**** DATA SHOWN ****

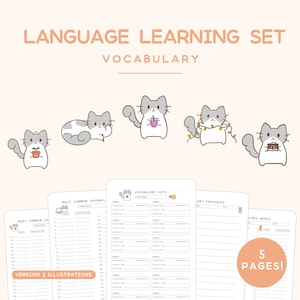 Conjunto de Aprendizagem de Idiomas - Focado em Vocabulário | Conjunto Bonito para Imprimir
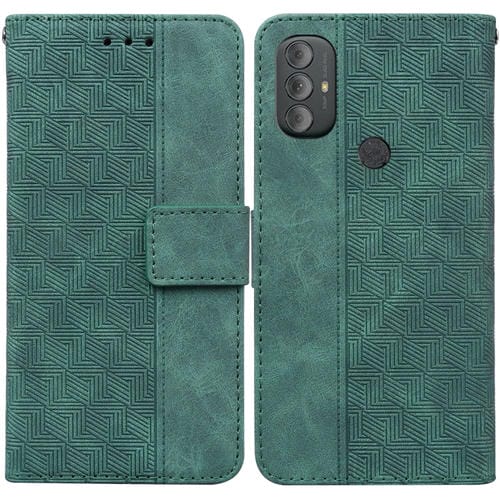Para Motorola Moto G Power 2022 Funda de cuero en relieve geométrico (verde)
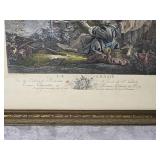 Antique Handcolored Engraving Print - Francois Boucher - La Chasse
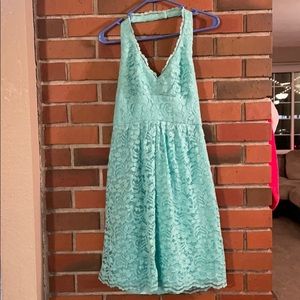David’s Bridal Tiffany Blue Lace Dress
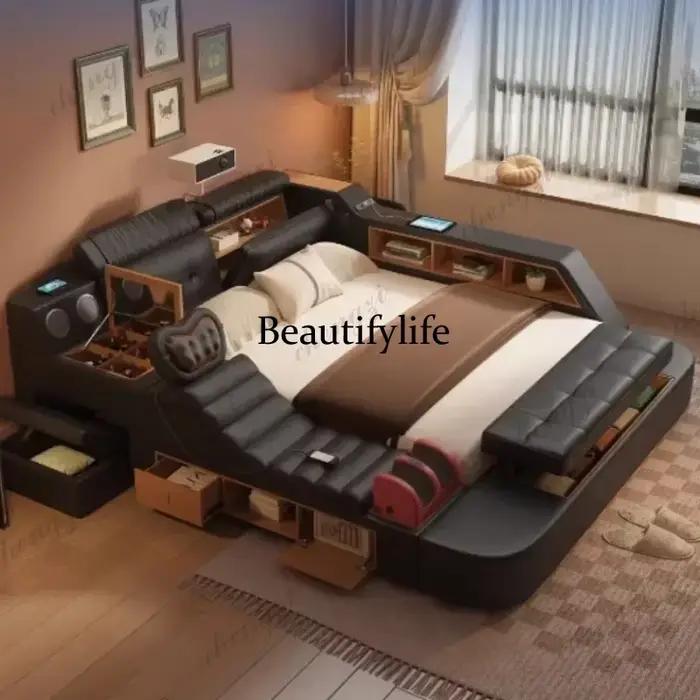 Lit double king size A182 noir avec tiroirs de rangement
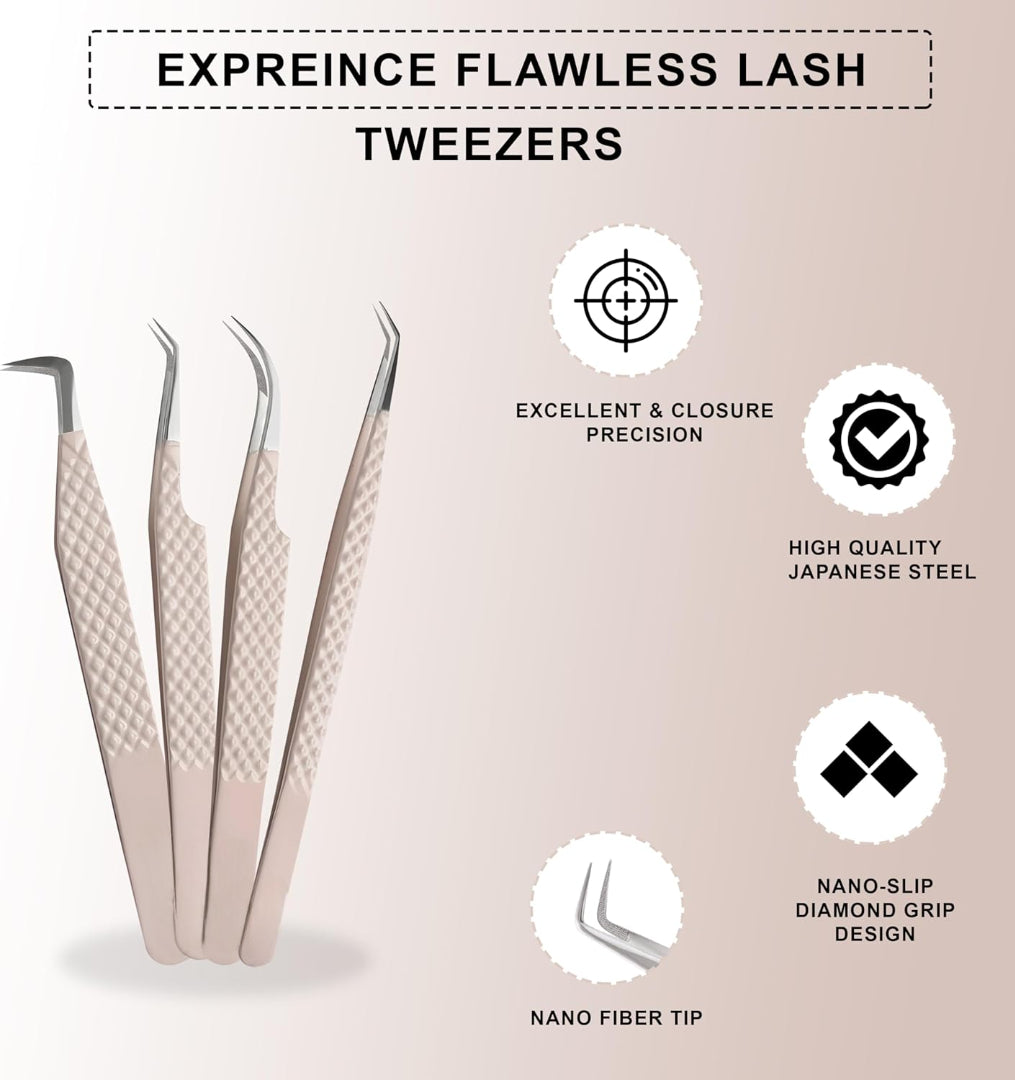4-Piece Eyelash Tweezer Set | Stainless Steel Lash Tools for Volume Extensions Tweezer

****

[TASK DETAILS] Your task is to give again, unchanged, the lines from the line that contains "David’s Bridal Tiffany Blue Lace Dress" to the end of the records. Include both end lines but no pictures.

[SOLUTION]
David’s Bridal Tiffany Blue Lace Dress
 Lit double king size A182 noir avec tiroirs de rangement
4-Piece Eyelash Tweezer Set | Stainless Steel Lash Tools for Volume Extensions Tweezer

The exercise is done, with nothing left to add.